"""

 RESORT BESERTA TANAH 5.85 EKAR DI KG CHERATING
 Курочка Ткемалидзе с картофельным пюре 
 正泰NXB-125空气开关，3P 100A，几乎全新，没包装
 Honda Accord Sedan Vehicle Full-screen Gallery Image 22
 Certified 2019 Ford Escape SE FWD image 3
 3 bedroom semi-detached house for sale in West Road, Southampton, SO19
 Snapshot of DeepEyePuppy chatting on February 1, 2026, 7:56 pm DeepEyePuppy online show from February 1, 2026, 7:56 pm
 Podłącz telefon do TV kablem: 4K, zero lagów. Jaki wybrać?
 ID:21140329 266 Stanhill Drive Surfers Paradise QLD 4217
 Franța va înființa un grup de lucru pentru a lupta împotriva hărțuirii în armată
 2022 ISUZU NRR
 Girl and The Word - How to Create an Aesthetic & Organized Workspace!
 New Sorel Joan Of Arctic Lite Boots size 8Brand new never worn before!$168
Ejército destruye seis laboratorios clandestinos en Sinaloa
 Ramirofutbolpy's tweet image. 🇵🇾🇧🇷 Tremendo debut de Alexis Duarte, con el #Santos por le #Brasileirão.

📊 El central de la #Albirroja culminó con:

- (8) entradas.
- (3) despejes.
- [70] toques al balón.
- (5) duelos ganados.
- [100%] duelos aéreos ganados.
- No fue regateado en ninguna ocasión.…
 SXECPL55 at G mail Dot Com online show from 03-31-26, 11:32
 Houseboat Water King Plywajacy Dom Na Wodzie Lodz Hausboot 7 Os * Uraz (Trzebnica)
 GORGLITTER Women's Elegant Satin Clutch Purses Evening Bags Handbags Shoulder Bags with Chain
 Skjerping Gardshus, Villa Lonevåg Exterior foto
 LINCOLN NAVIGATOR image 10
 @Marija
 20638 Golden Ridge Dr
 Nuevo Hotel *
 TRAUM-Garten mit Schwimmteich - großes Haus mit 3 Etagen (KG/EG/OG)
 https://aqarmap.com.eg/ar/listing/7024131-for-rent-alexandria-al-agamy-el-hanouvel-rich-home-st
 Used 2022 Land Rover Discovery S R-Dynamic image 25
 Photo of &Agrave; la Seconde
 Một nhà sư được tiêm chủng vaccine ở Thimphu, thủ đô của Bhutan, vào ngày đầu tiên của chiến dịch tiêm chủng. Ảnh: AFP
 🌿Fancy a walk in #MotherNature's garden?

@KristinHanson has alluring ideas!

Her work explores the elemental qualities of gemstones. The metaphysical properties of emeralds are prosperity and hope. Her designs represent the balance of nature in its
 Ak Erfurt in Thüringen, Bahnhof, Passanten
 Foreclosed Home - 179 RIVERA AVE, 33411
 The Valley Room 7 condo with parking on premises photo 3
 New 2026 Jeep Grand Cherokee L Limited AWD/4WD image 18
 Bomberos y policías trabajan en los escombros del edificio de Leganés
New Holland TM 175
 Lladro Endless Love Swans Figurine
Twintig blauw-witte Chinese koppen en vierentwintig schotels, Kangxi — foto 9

"""

→ What needs to be done
Where the string "online" appears in a line of the entries, that line counts; state the total number of such lines and nothing else.

→ Written response
2